Your Most Valuable Resource: Your People

An internet search on June 10, 2020, using the phrase “returning to work after coronavirus” brought up more than 8 billion hits in less than a second. Most links apply checklists and guidelines, roadmaps and schedules, legal spreadsheet to protect against risk, and resources to call upon to reconfigure workspaces. For those interested in what to do, there are a multitude of sources to reference.

However, few pages address how employees are personally affected, let alone how organizations can offer support after prolonged periods of the stress, fatigue, and emotional strain. Now that employees are beginning to return to the workplace, paying attention to clues and warning signs will reinforce how organizations are living into their value proposition and remaining an employer-of-choice through these significant events. Leading with empathy and concern will go far in helping engage and retain your most valuable resource—your people.

Recognize the Typical Change Process

This experience is more closely aligned with the transitional change model associated with William Bridges and the stages of grief model established by Elisabeth Kübler Ross.
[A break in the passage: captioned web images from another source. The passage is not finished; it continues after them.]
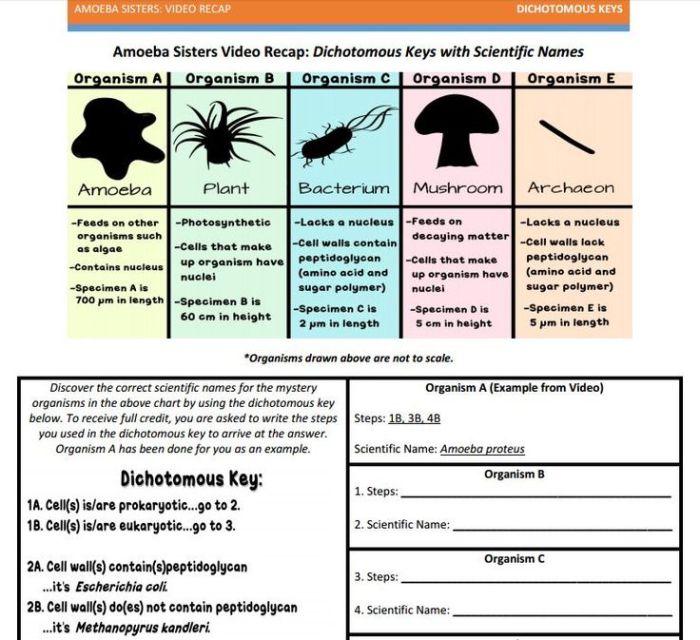 Amoeba sisters pedigrees answer key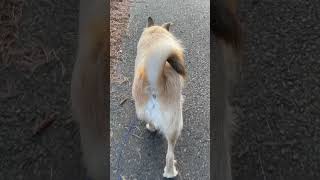 Thumbnail of post image 040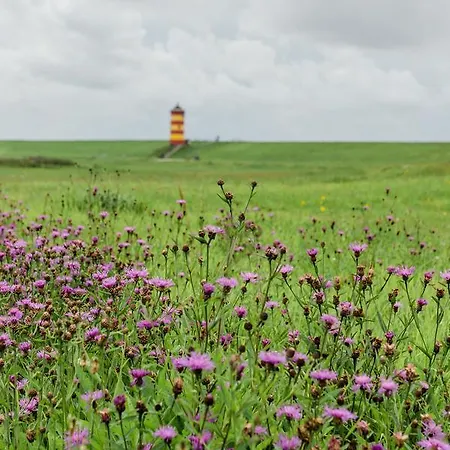 Chalet Camping Am Deich Gmbh & Co. Kg *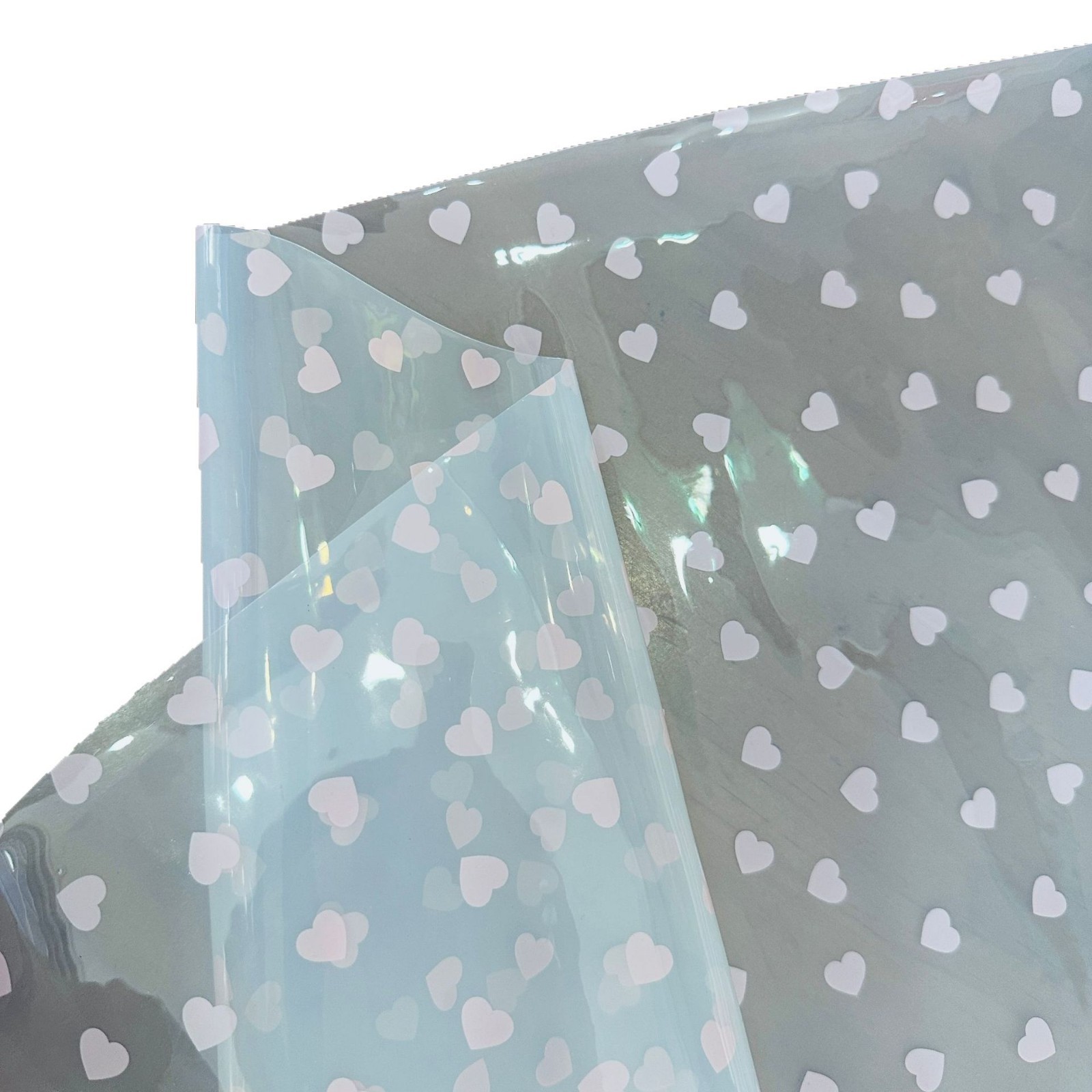 2025-03-19 14:08:31.jpg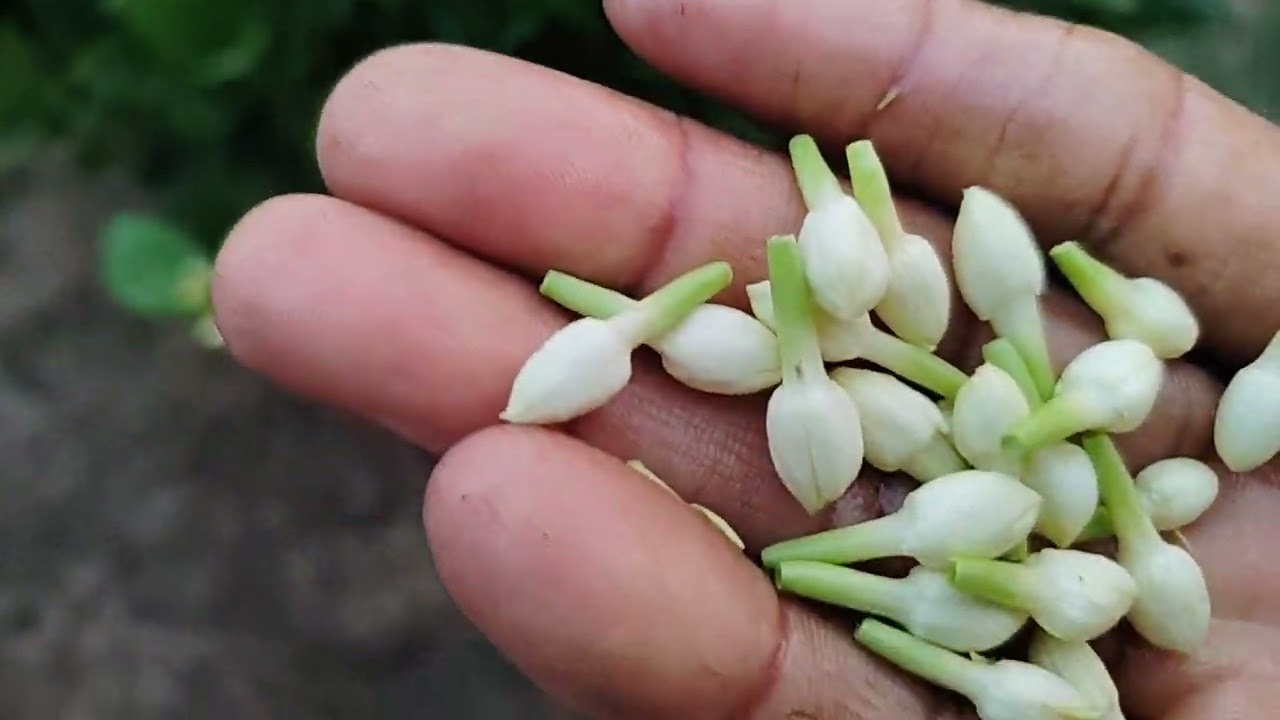 மல்லி அன் சீசன்  பனி காலத்தில் அதிக மகசூல் பூ வெளுப்பு பூ சைஸ் காம்பு 8015584891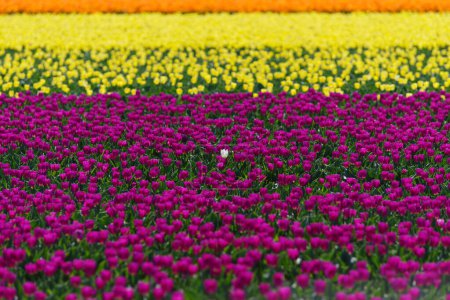 tulipanes florecientes coloridos en los Países Bajos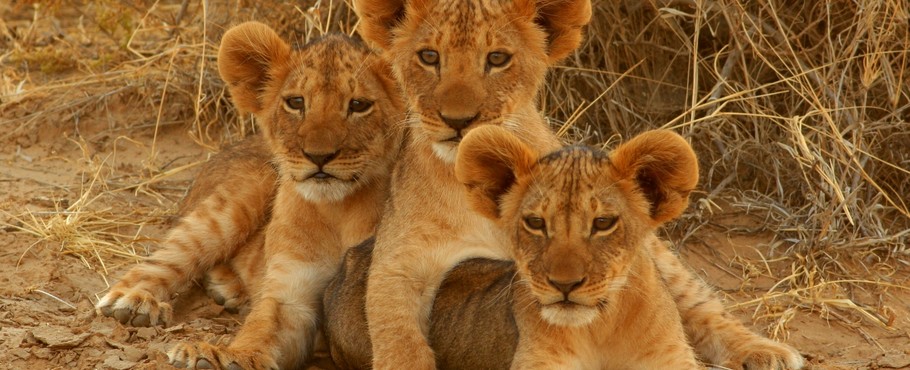 Kenya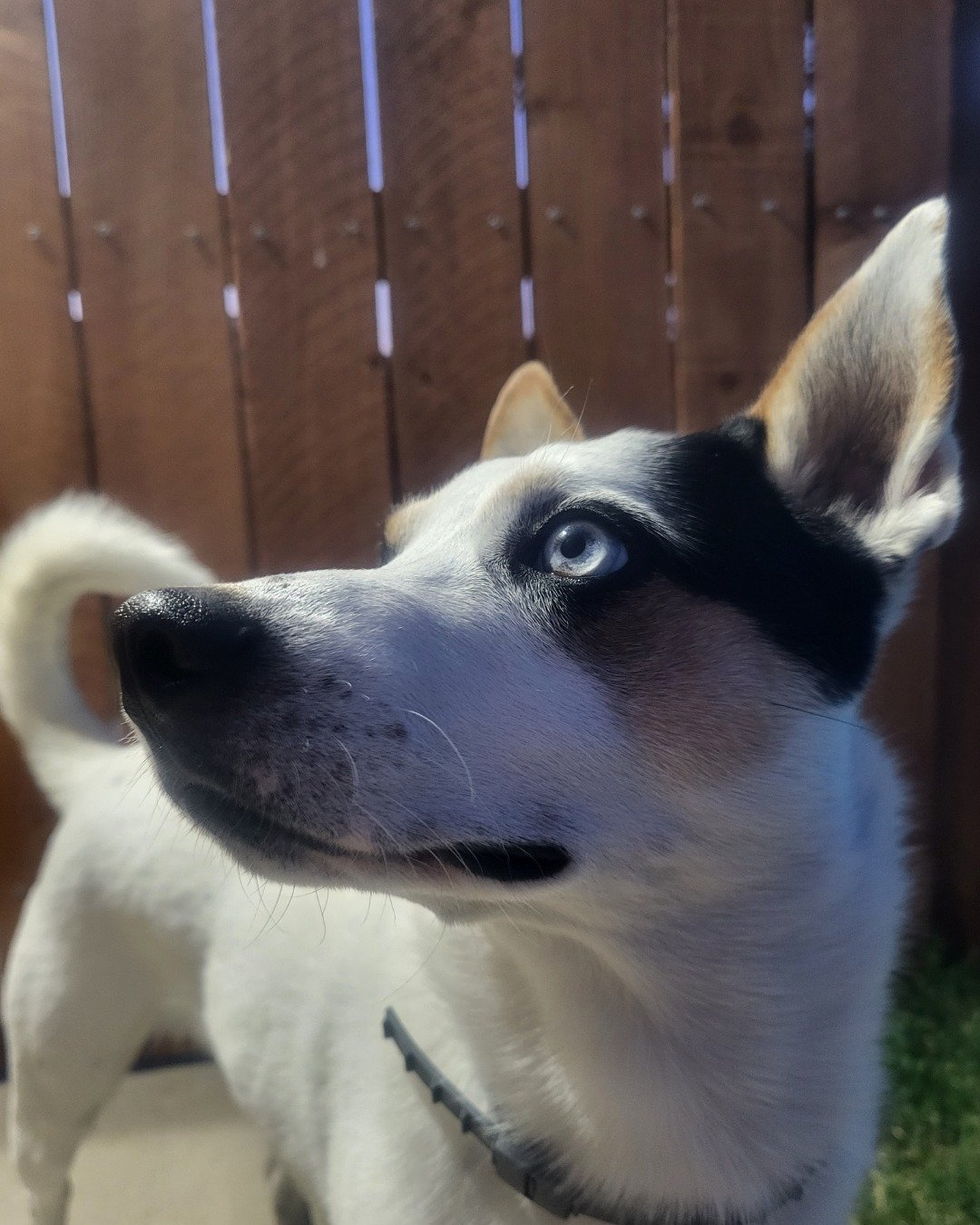 Billy the 1/4 Chihuahua 3/4 Queensland healer. Dog, Husky, Puppy, Indoors, Interior Design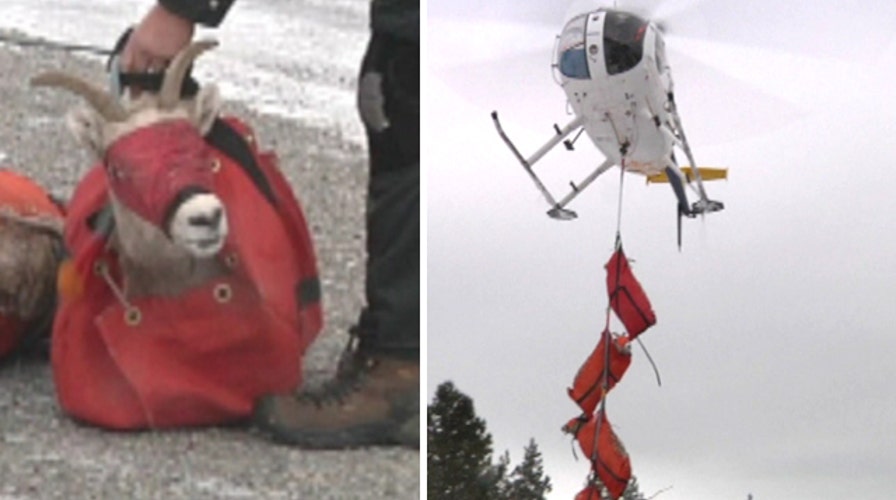 It's a bird.. it's a plane... it's sheep?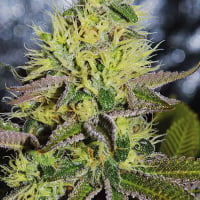 Sweet Zombie Feminised Cannabis Seeds | Expert Seeds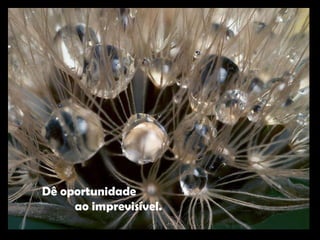 Dê oportunidade  ao imprevisível. 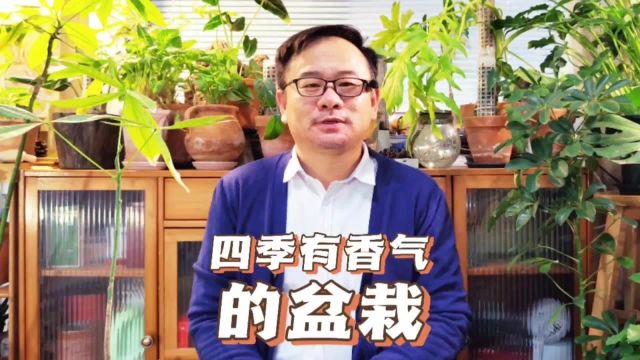 一年四季散发香气的盆栽有哪些?推荐这5种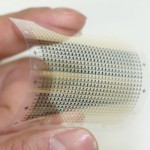 Flexible Flash Memory Revealed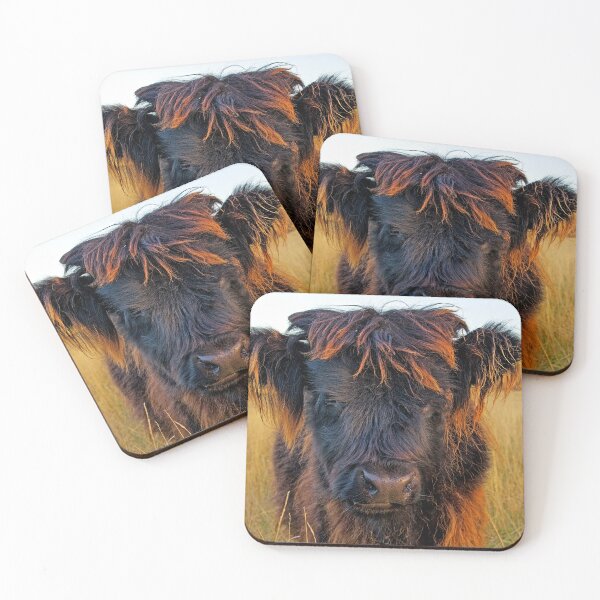 Item preview, Highland Cow designed and sold by Rick Knowles Photo Art.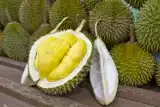 Durian to najbardziej śmierdzący owoc na świecie, a mimo tego ma wielu fanów. Jakie są jego właściwości?
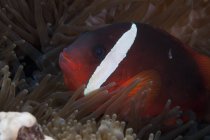 Pesce pagliaccio di pomodoro nell'anemone ospite — Foto stock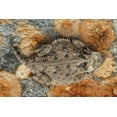 thumbnail image 2 of Illg, Cathy and Gordon 14x11 Gold Ornate Wood Framed with Double Matting Museum Art Print Titled - USA, Texas, Kimble County Texas horned lizard, 2 of 4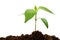 Pepper seedling on white background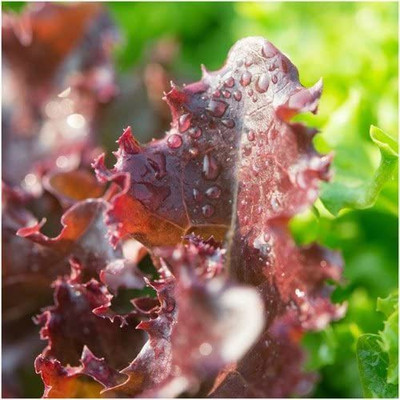 WILLVINE Organic F1 Hybrid Ruby Red Lettuce (Lactuca sativa)-5000 Seeds Seed(5000 per packet)
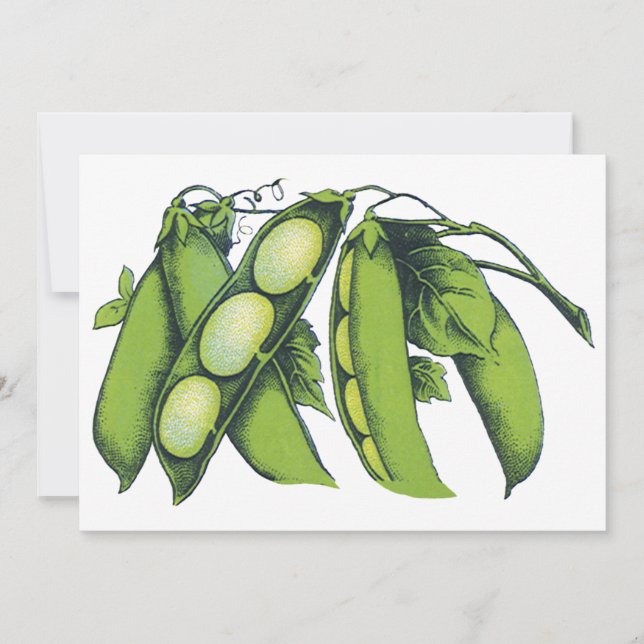 Carte Légumes vintages ; Haricots de Lima, Aliments Agri (Devant)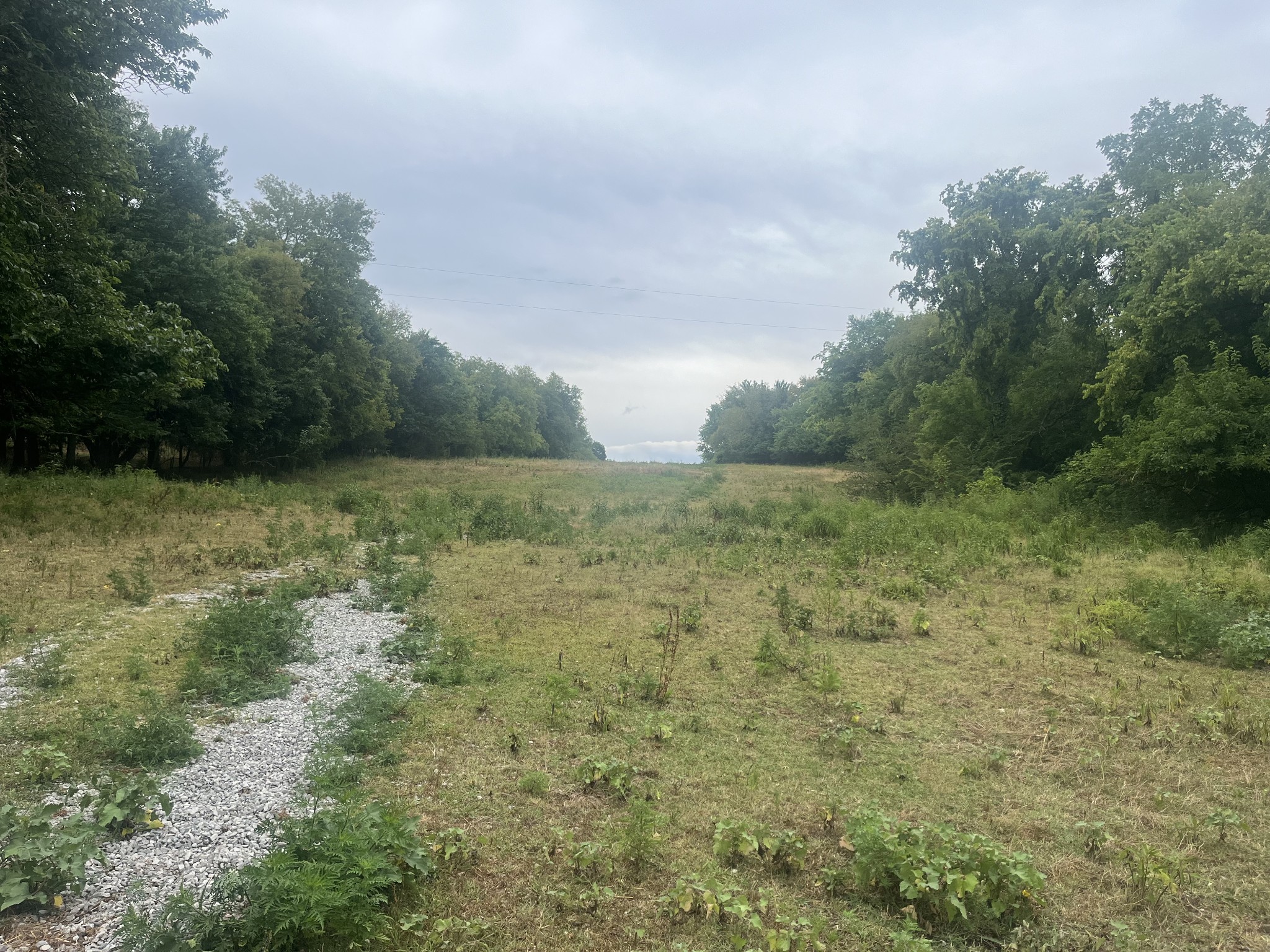 689 Bugscuffle Road Wartrace, TN 37183 - Photo 6 of 7 Gallery Image 6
These models highlight the time and performance continuum that moves from shock and denial, through anger and depression, and finally to acceptance and ultimate integration of the experience.

Considering that each of us is experiencing the same cultural disruption, recognizing where employees are in this continuum will also allow us to engage others where they are. Successful managers who recognize that people move first through negative emotions before rebounding into a more productive and positive state will leverage empathy before getting down to the tasks at hand.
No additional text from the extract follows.